Aha ... so the pastime would be photography/video ... I've seen e.g. GoPro advertised for such (or was that for DIY porn ... okokok ... :hopelessness. I'll look into that, reason being I fish for fun (something to do when out on the boat), removed the barbs so bringing in a fish can be a challenge (but makes release easy) ... and taking a pic when alone on the boat even more of a challenge. These cameras are rugged, waterproof ... hmmm.

If you watch the fishing channel, the guys that fish from kayaks ... hmmm, kayak, sounds familiar ... use such cameras.

Link fwiw ... http://gopro.com/


----------



## Jon_Snow (May 20, 2009)

Wow guys, I hadn't even considered some of these aspects. Got me thinking now.

As we get into Summer, I'll try to get some media posted so those who are interested can see/hear my orca "friends".


----------



## rikk (May 28, 2012)

Jon_Snow said:


> Wow guys, I hadn't even considered some of these aspects. Got me thinking now.
> 
> As we get into Summer, I'll try to get some media posted so those who are interested can see/hear my orca "friends".

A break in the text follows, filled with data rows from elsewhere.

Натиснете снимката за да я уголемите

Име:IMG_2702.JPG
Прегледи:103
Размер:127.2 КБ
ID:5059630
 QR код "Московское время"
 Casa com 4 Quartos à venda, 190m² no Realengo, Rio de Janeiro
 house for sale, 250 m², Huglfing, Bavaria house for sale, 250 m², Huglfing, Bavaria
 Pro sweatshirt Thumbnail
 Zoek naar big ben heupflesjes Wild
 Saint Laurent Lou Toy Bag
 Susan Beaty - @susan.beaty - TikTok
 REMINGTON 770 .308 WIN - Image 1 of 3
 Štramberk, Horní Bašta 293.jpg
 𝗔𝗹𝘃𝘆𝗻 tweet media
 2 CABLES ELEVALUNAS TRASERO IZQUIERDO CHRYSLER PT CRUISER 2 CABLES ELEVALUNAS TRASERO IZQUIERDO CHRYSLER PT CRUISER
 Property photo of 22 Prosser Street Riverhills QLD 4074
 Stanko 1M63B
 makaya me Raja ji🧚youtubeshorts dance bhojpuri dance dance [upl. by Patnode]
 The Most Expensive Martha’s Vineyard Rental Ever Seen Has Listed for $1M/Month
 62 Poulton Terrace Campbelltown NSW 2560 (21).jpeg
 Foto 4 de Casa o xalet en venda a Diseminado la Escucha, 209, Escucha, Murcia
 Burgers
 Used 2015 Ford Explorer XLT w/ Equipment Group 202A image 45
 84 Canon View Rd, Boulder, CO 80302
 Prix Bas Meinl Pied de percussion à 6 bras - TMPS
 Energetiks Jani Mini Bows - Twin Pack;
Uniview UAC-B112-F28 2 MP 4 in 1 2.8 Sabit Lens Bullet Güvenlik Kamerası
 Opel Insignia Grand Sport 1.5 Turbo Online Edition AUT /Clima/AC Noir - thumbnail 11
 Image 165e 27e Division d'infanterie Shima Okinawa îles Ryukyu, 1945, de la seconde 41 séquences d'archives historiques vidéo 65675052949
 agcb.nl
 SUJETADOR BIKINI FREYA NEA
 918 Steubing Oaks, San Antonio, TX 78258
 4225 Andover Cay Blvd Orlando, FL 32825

Just uploaded some pics to Flickr (a bit fuzzy but hey, what the heck) ... new for me ... let's see if this'll work.

Short story ... Last summer with all the houses being taken down, and trees, the crow family we were used to seeing I thought were gone ... until 3 young crows showed up ... so I feed them, in this case some leftovers. One day a young hawk appears ... tries it's best to make a meal of them ... no luck ... pretty funny to watch ... it's a standoff. The hawk is unfortunately still in the neighborhood making it difficult for other birds ... I have house finches I've built nests for around the front porch ... just flower pots nailed up but they're perfectly happy with that.

Wildlife, help them out I figure.

http://www.flickr.com/photos/[email protected]/


----------



## Sampson (Apr 3, 2009)

Jon, why not operate a small eco-tour business. Bring your passion for yakking and marine mammals to full time? Its competitive, but I know many people on the Island who have done exactly that, some run tours off their sail boats, others partner with rental shops.


----------



## humble_pie (Jun 7, 2009)

hey Jon don't let us push you too hard ... but the future is aglow with beautiful possibilities


----------



## Jon_Snow (May 20, 2009)

Great ideas all around.

No wonder I hang around here so much.

The weather is going to be gorgeous here on the west coast this long weekend... Might just have to get the kayaks into the water.


----------



## Addy (Mar 12, 2010)

rikk said:


> My wife plans to work for another 5 years ... then if I'm still around we (else she ) plan on a few tours ... I'd visit the UK on business now and then, take the coach through the countryside, realized with the hedges you can't see much from a car, therefore a tour. Really like Paris ... there's a tour boat pay for the day, get on, get off, see the sites of interest ... we'll go for a stay in Paris for sure. Was with a buddy from Sweden one spring, business, was the first day of spring custom to drink spiced vodka (or so I was told) which we did in the field of mars by the Eiffel Tower ... until the sprinklers came on. I don't mind driving in Australia in that there's no worries just pulling over to stop and see the sites, or just stop ... nice. I am looking forward to a few tours ... when you're doing the driving you miss a lot. We're thinking of doing a few 3 month stays ... Melbourne, somewhere in southern france are on the short list ...


Enabler!  We don't have a lot of money for travel - well we do but it's for retirement so don't want to blow it quite yet  But still, a trip every few years is nice. We are both 40-ish so have a few years until we plan to retire in our mid-50's.



rikk said:


> Audio books ... where do you get yours ... something else I've been meaning to do ... currently I use the laptop for reading. Did so much work related reading over the years I've gotten out of the habit.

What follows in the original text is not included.